**Activity**
Copy the data exactly as it appears, and do not include any pictures.

**Provided data**
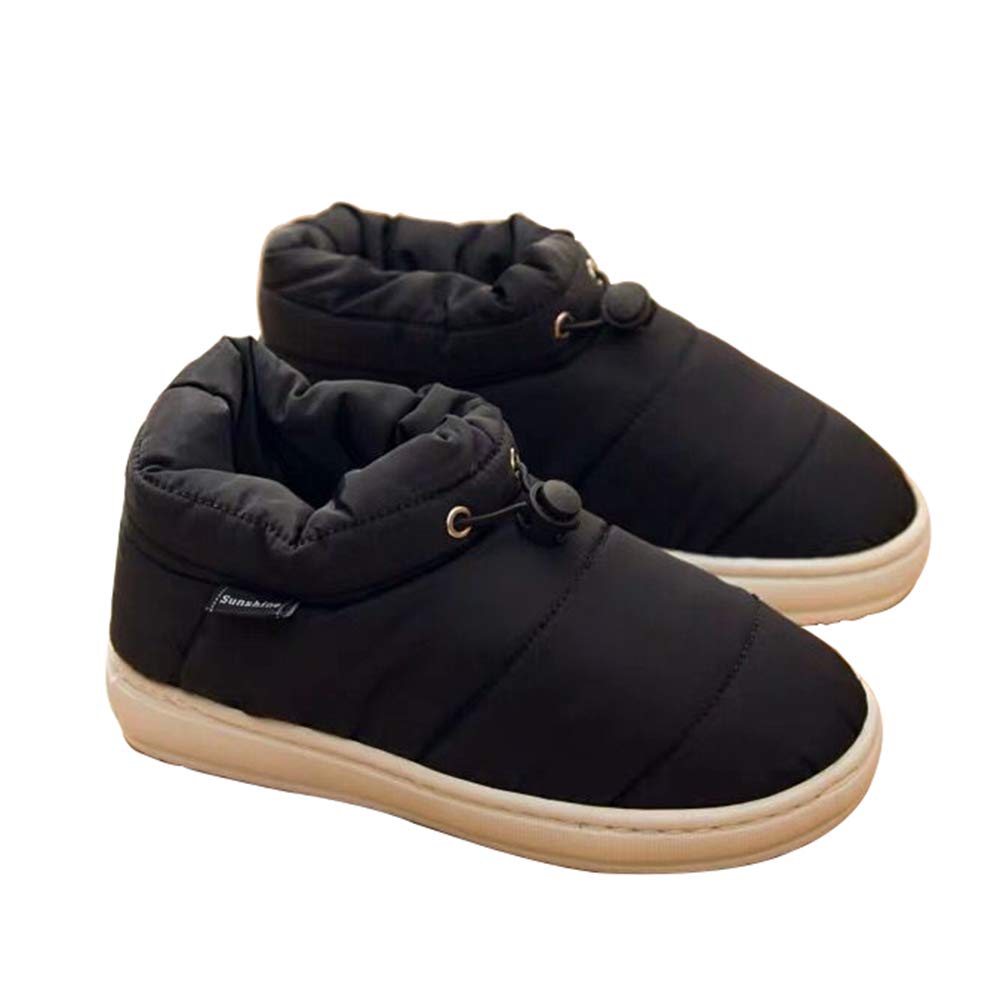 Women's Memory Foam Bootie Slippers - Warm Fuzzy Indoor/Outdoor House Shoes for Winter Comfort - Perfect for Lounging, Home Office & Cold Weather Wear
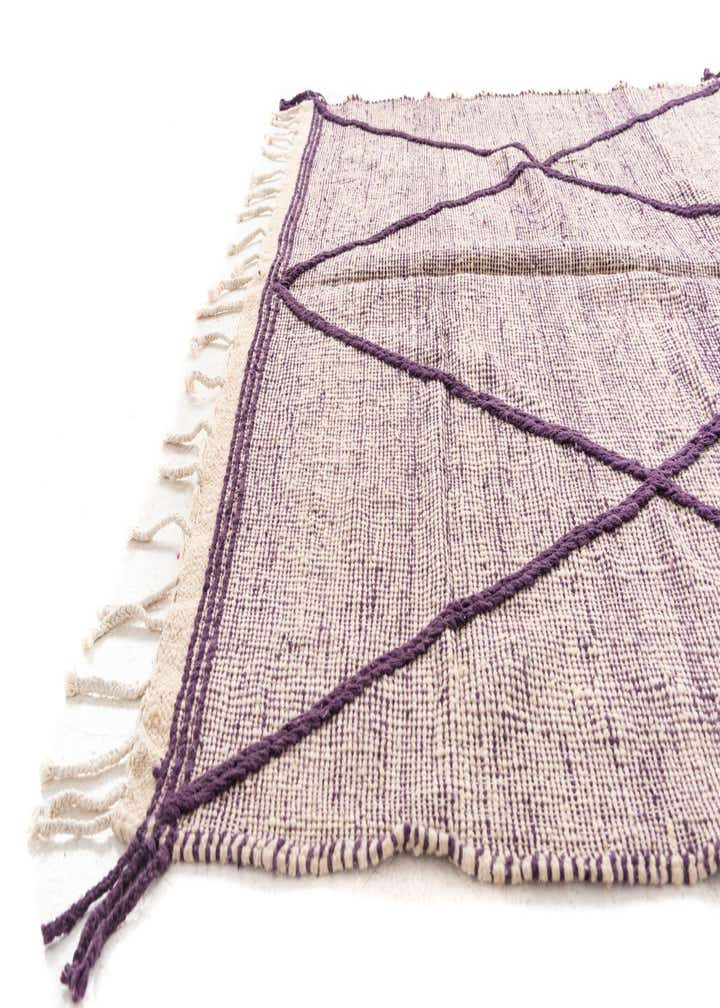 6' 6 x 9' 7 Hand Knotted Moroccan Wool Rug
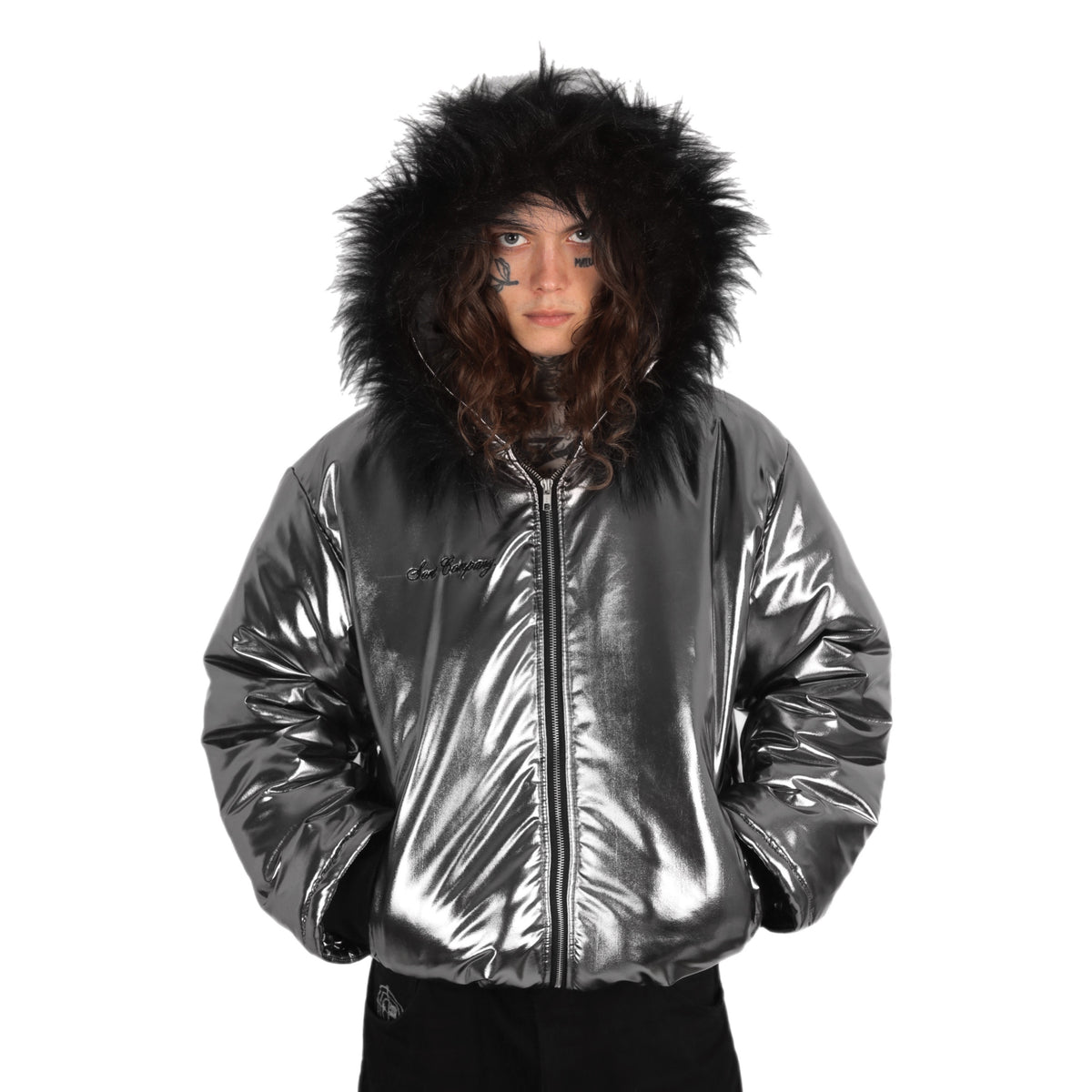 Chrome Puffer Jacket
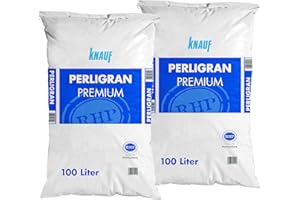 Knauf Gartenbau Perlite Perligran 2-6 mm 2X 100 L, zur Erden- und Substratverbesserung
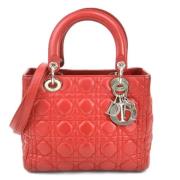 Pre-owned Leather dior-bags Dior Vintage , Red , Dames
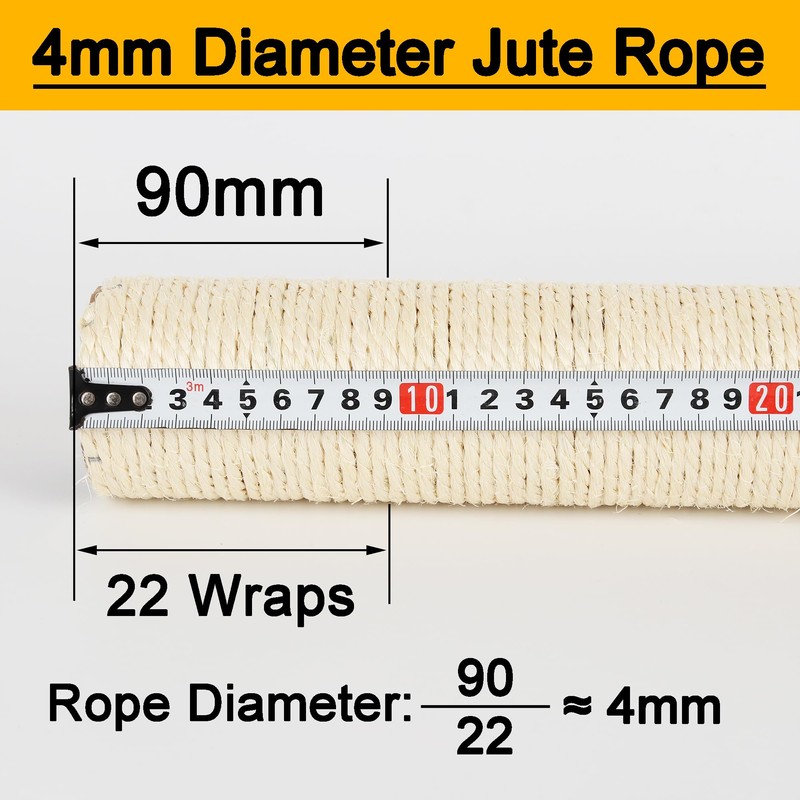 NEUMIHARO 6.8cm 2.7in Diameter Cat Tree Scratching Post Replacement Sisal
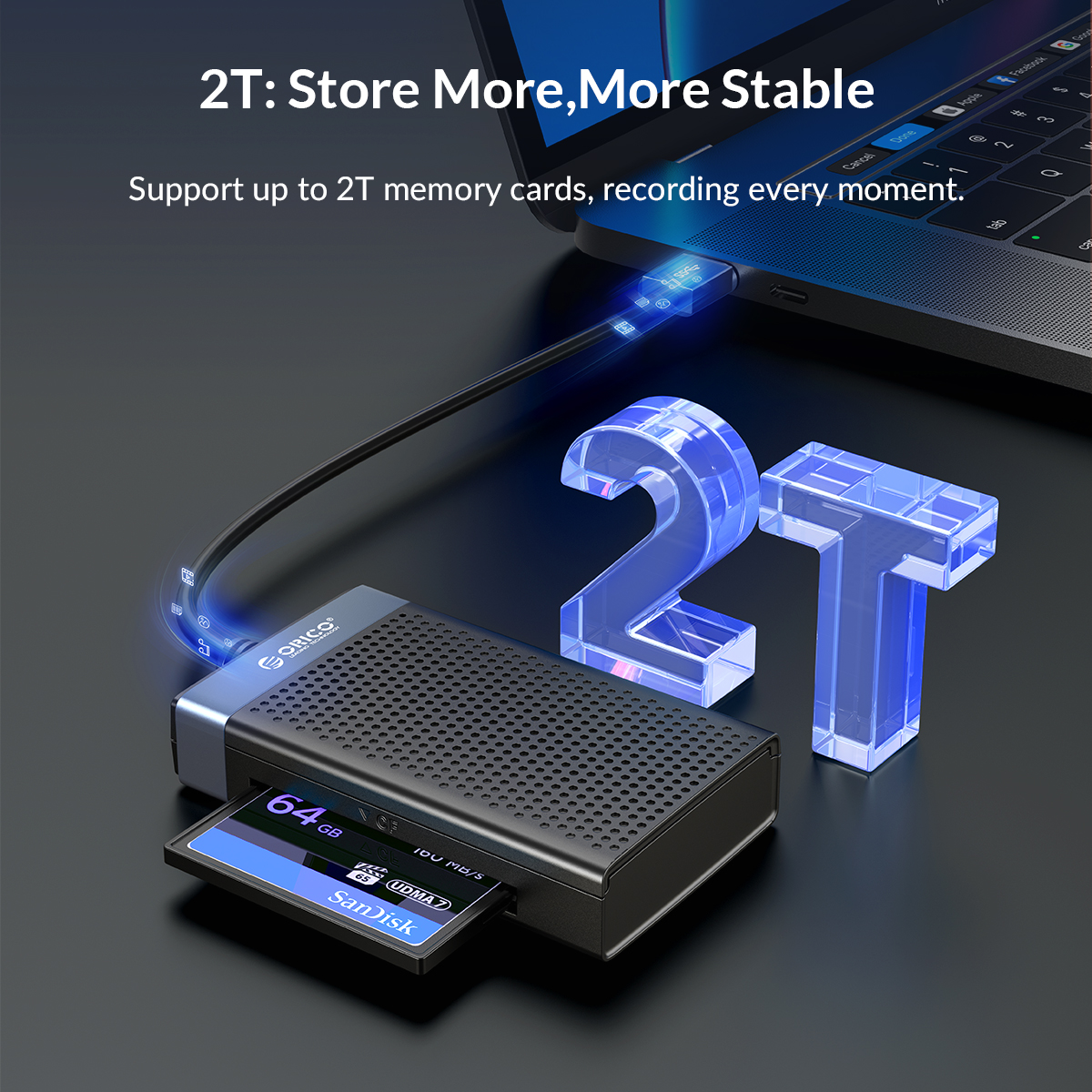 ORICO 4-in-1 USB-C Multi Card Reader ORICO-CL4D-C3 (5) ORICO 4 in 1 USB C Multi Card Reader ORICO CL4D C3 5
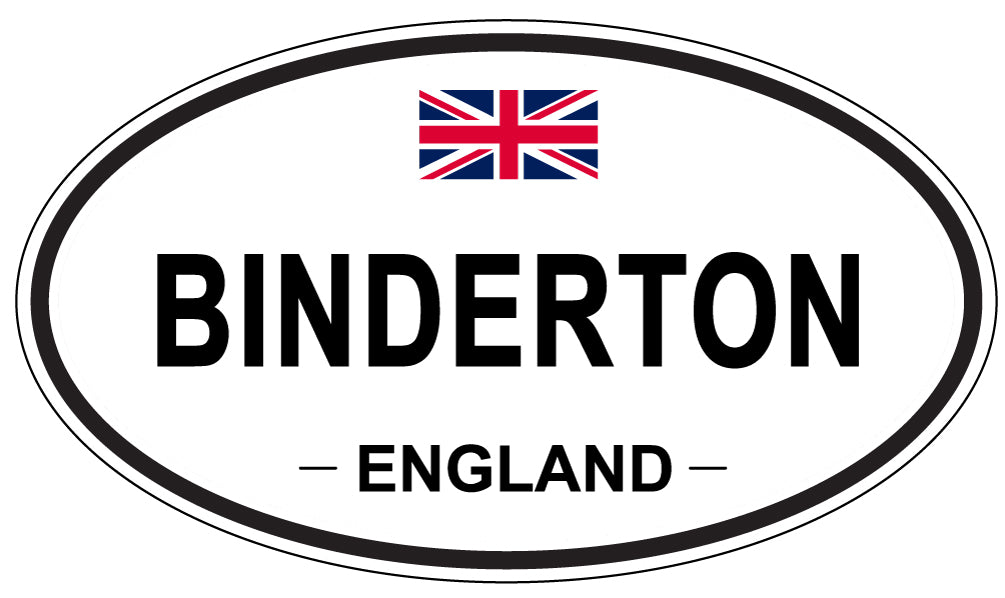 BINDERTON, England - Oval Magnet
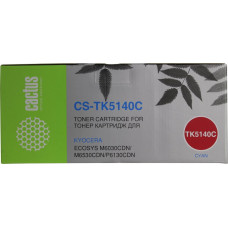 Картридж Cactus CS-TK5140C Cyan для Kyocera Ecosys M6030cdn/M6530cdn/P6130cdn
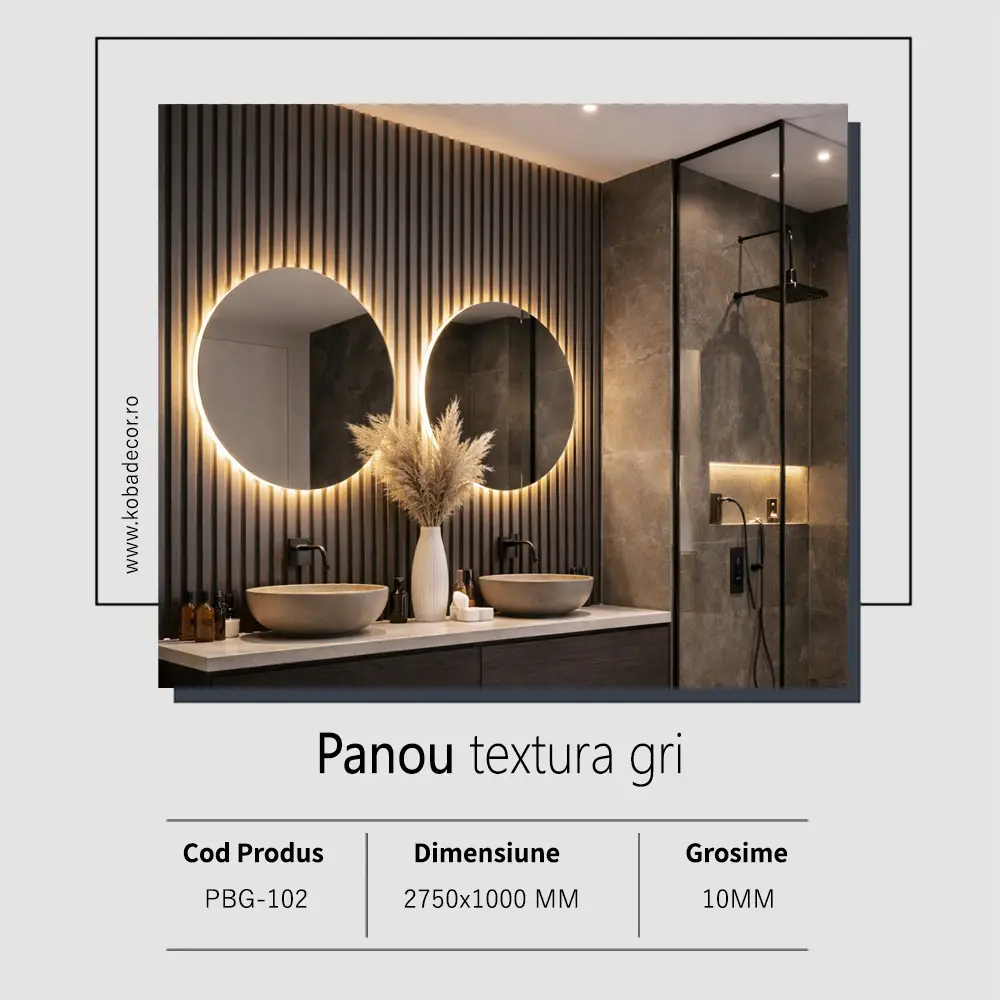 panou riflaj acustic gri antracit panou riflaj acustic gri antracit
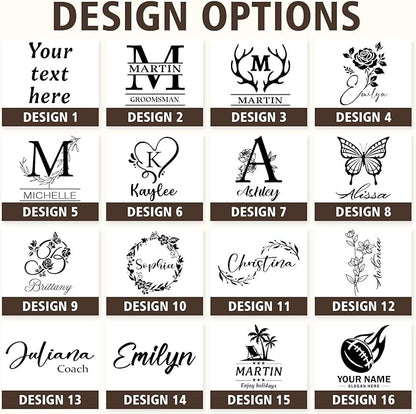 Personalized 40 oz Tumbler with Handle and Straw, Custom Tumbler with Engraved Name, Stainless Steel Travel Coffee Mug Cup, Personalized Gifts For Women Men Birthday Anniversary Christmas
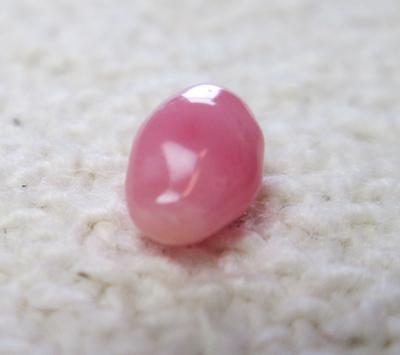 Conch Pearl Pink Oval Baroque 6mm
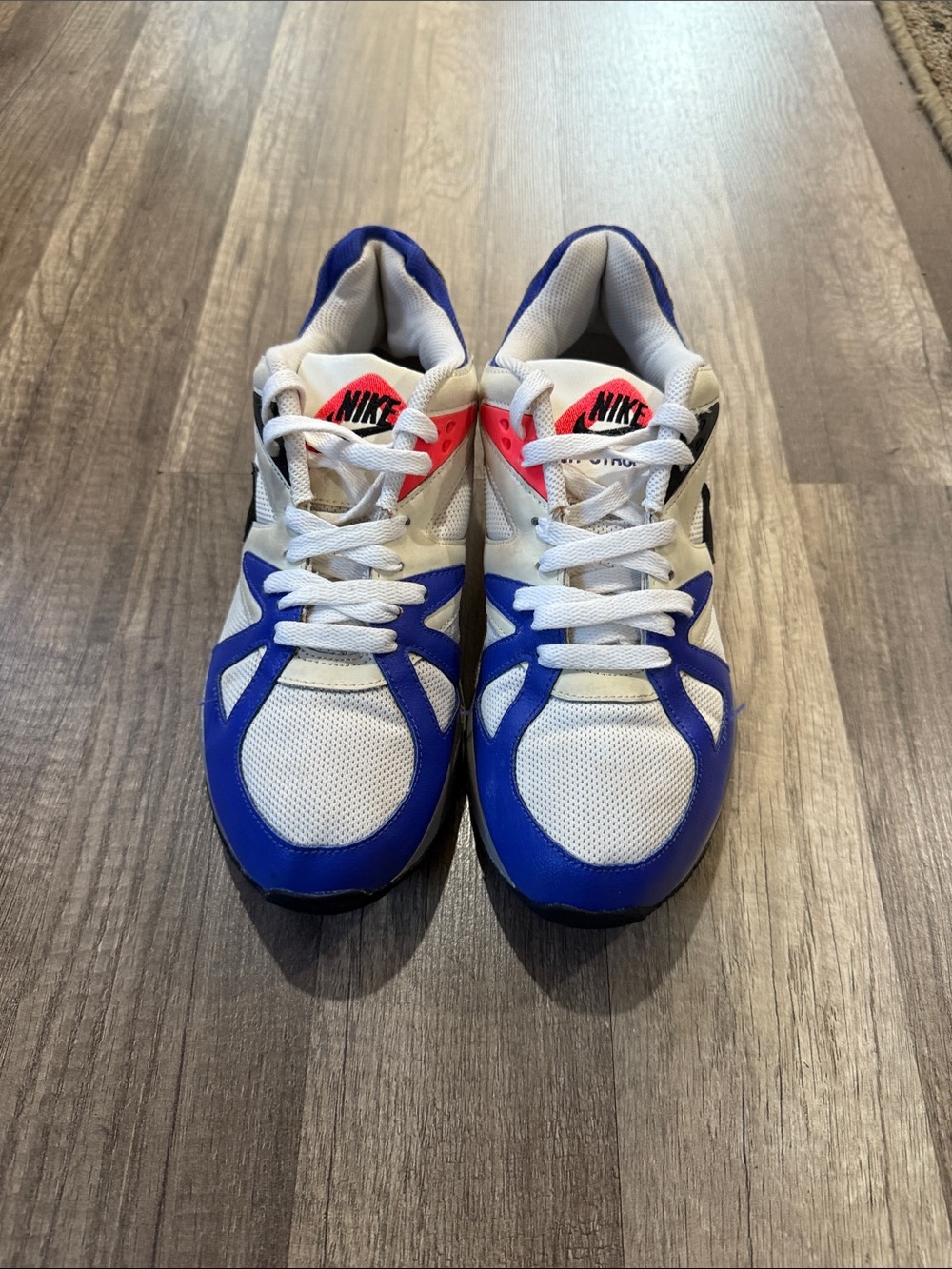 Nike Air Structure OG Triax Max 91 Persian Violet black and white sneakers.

**Result of this exercise**
 Women's Memory Foam Bootie Slippers - Warm Fuzzy Indoor/Outdoor House Shoes for Winter Comfort - Perfect for Lounging, Home Office & Cold Weather Wear
 6' 6 x 9' 7 Hand Knotted Moroccan Wool Rug
 Chrome Puffer Jacket
 Knauf Gartenbau Perlite Perligran 2-6 mm 2X 100 L, zur Erden- und Substratverbesserung
 Pre-owned Leather dior-bags Dior Vintage , Red , Dames
 NEUMIHARO 6.8cm 2.7in Diameter Cat Tree Scratching Post Replacement Sisal
 ORICO 4-in-1 USB-C Multi Card Reader ORICO-CL4D-C3 (5) ORICO 4 in 1 USB C Multi Card Reader ORICO CL4D C3 5
 BINDERTON, England - Oval Magnet
 Картридж Cactus CS-TK5140C Cyan для Kyocera Ecosys M6030cdn/M6530cdn/P6130cdn
 panou riflaj acustic gri antracit panou riflaj acustic gri antracit
 Personalized 40 oz Tumbler with Handle and Straw, Custom Tumbler with Engraved Name, Stainless Steel Travel Coffee Mug Cup, Personalized Gifts For Women Men Birthday Anniversary Christmas
 Conch Pearl Pink Oval Baroque 6mm
 Nike Air Structure OG Triax Max 91 Persian Violet black and white sneakers.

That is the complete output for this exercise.